Jake wasn’t at the Playwright Tavern when I returned. I called his cell phone and got his voice mail. I waited in front of the Scientology center for a few minutes but felt uncomfortable, ashamed, like I was prolonging a conversation with a girl who’d already refused to give me her number. I walked to Bryant Park and watched a group of men play a game I didn’t understand on a patch of dirt that seemed designed for this purpose. They tossed a rubber ball some fifteen or twenty feet away and then tried to land baseball-sized metal orbs nearby. I considered asking them what the game was called and how it was won, but didn’t. They weren’t speaking much, seemingly lost in the intricacies of their sport. I tried to understand their game from the few times they congratulated each other for skilled throws and those instances when they grimaced or mumbled curses, but could discern no meaningful pattern, except that they threw each ball to one end of the dirt patch and then threw them back.

I tried calling Jake again; there was no answer.

*** I had enough time to have two ice cream cones and a cup of coffee before Jake showed up and told me the game was called bocce ball.

“So?” I said.

“So?” he replied.

“What was it like?”

“You were there, too,” he said. “You know what it was like.”

“I was in there for 30 minutes,” I said. I wanted to know what happened beyond the 30 minute mark, which I now imagined was like the speed barrier on a Delorean—boring at low velocity, but hit the mark and you get flaming tire tracks and time travel.
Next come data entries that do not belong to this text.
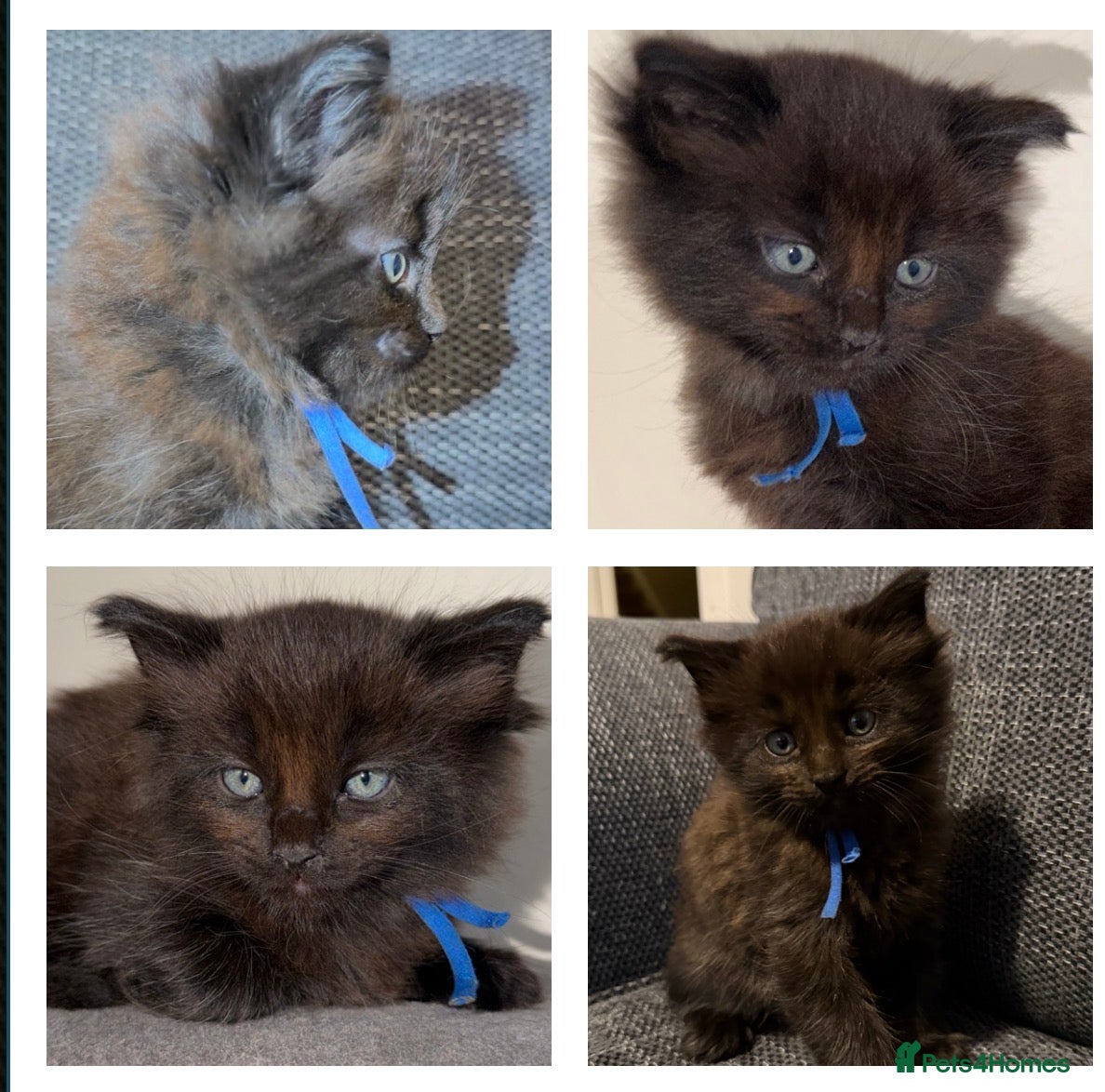 Ragcoon cats Ragcoon - Advert 5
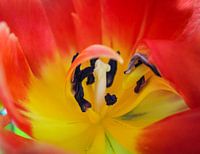 Nahaufnahme Rote Tulpe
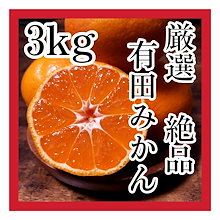 有田みかん ご家庭用 和歌山県産 サイズ混合 訳あり　3kg(箱込み)
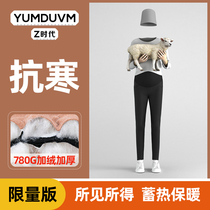 Pregnant wool pregnant womens pants autumn and winter wear cotton pants leggings warm pants winter plus velvet thickened cold-resistant pants women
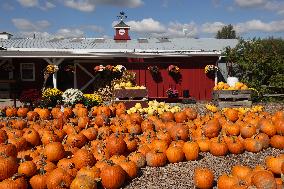 Pumpkins During The Autumn Season In Markham, Canada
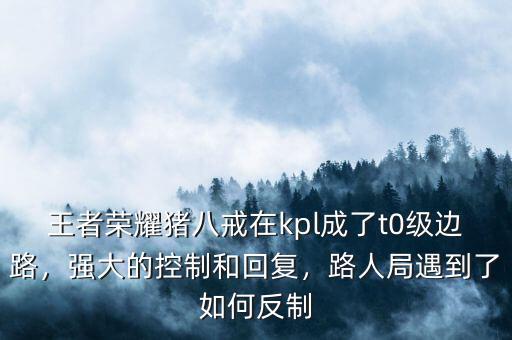 王者榮耀豬八戒在kpl成了t0級邊路，強(qiáng)大的控制和回復(fù)，路人局遇到了如何反制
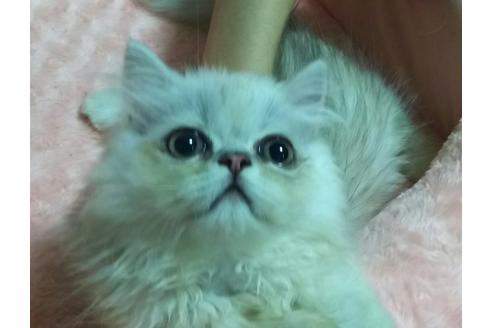 成約済の愛知県のペルシャ(チンチラ)-2460の2枚目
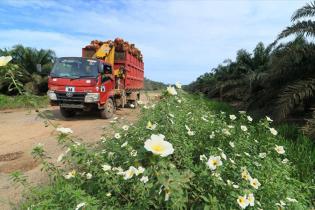 Astra Agro Raih Environment Social Governance (ESG) Award 2020 Astra Agro Raih Environment Social Governance (ESG) Award 2020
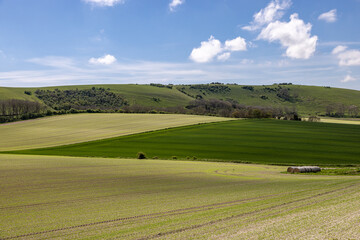 A rural South Downs view on a sunny spring day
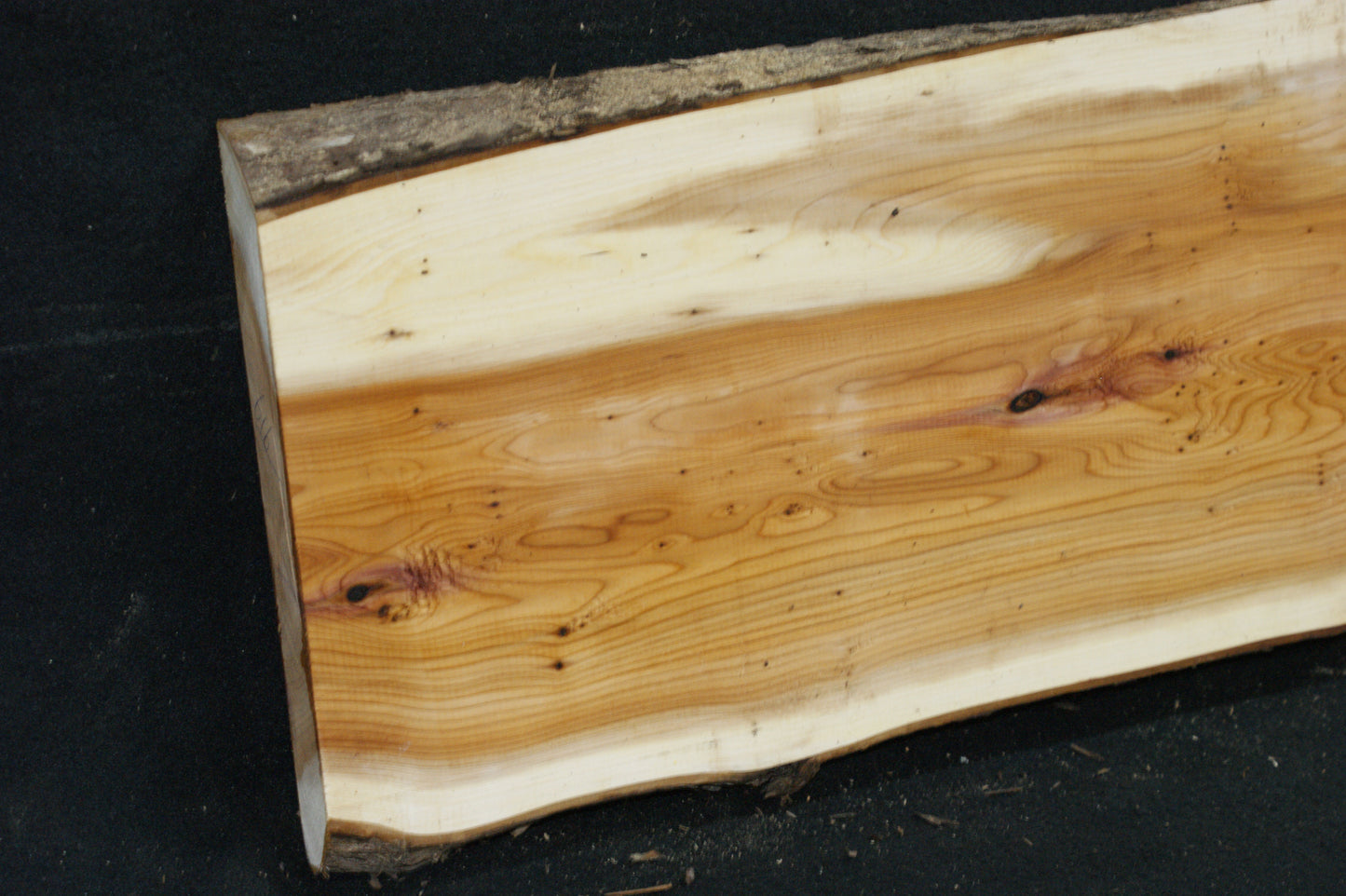 English Yew Shelf. (616)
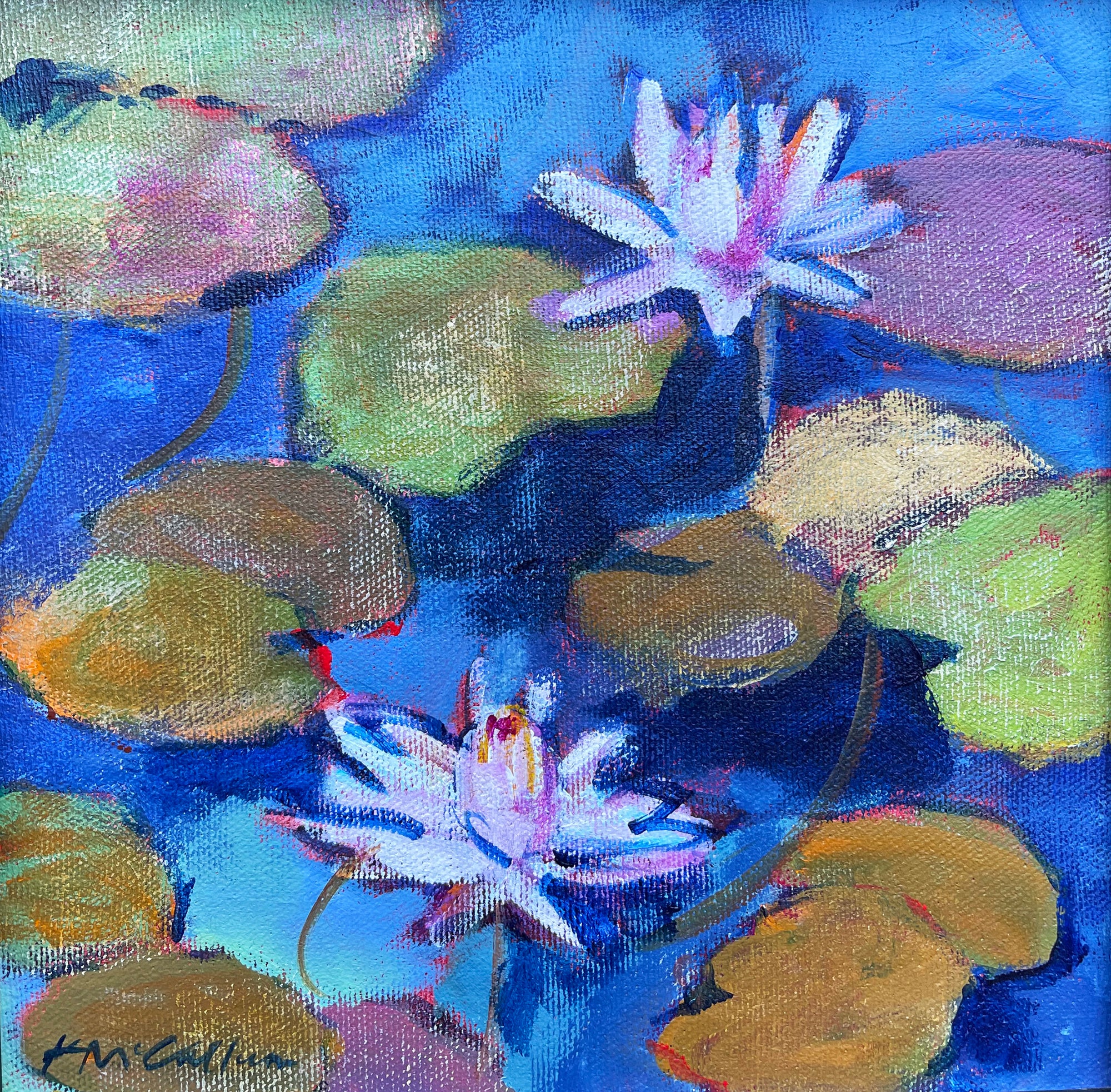 Water Lily Love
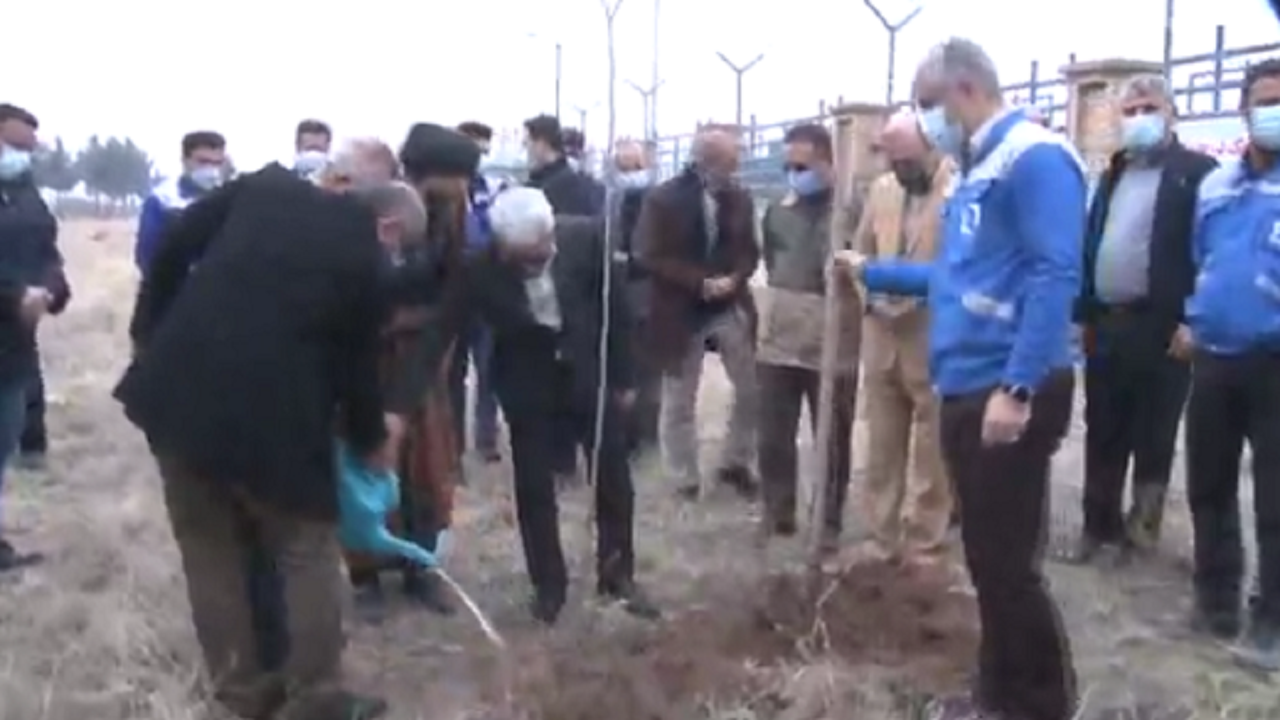 کاشت هزاران نهال در شهرستان البرز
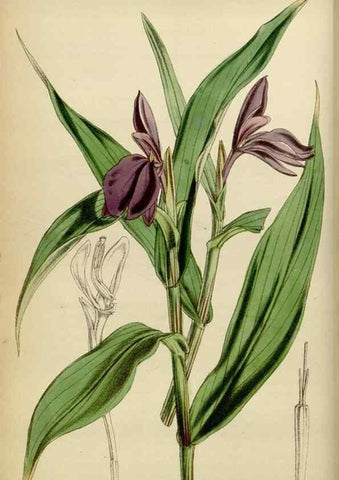 Reproducción/Reproduction 34864841110: Curtis's botanical magazine.. London ; New York [etc.] :Academic Press [etc.]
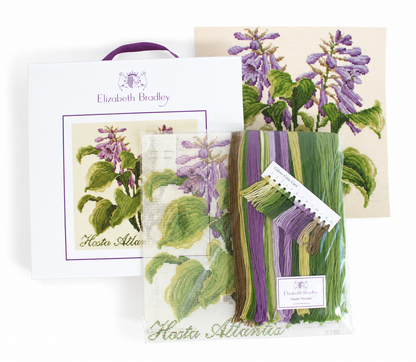 Hosta Atlantis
Jake wanted to know if there was anything we could do in New York that wasn’t Scientology-related.

“Bocce ball,” I said, and then agreed to go to the bar.

“She hasn’t called,” Jake said, meaning his ex-girlfriend, as we ordered our drinks.

I waited for him to take a swig of his beer, and then asked again what was it like in there. “Did they show the flaming orb movie?”

“No, different movie.”

“No flaming orb?”

“No flaming orb.”

“Was your movie just longer then?”

“Honestly?”

“Honestly.”

“You know the cute receptionist? Cute, dark hair?”

“Yeah.”

“I figured I’d stick around and see if I could get her number.”

“She has crooked teeth.”

“A charming imperfection. I got the feeling she was coming onto me.”

“You stuck around in a Scientology church for a girl?”

“I thought if I showed interest she’d be impressed. She wanted me to hang around, kept showing me more information.”

“That’s what they do when they’re trying to recruit you.”

“Did she tell you where she grew up?”

“No.”

“L.A., then Florida.”

I was drinking too fast, which gave me an excuse to leave Jake at our table to get another beer at the bar, and to think of a way to make him shut up.

“But you didn’t get her number, did you?” I said when I returned.

“The more I saw of Scientology, the more crazy it made her look. After an hour, I was looking for a way to get out of there.”

“That’s just an excuse for not asking her.”

“Are you angry at me?”

“No,” I said.

“You sound angry.”

“I’m not.”

“You’re mad about the Scientology girl?”

“Who, Shirley?”

“Then what?”

“Nothing.”

“You were hoping I’d get converted.”

“No I wasn’t,” I said.

“You sent me in there knowing I was down about the breakup hoping I’d come out a Scientologist. That’s why you wanted me going in alone.”

“No,” I told him. But a drunken confrontation wasn’t out of the question.

“You’re kind of an asshole,” he said, and went up to the bar for another beer, or to get away from me.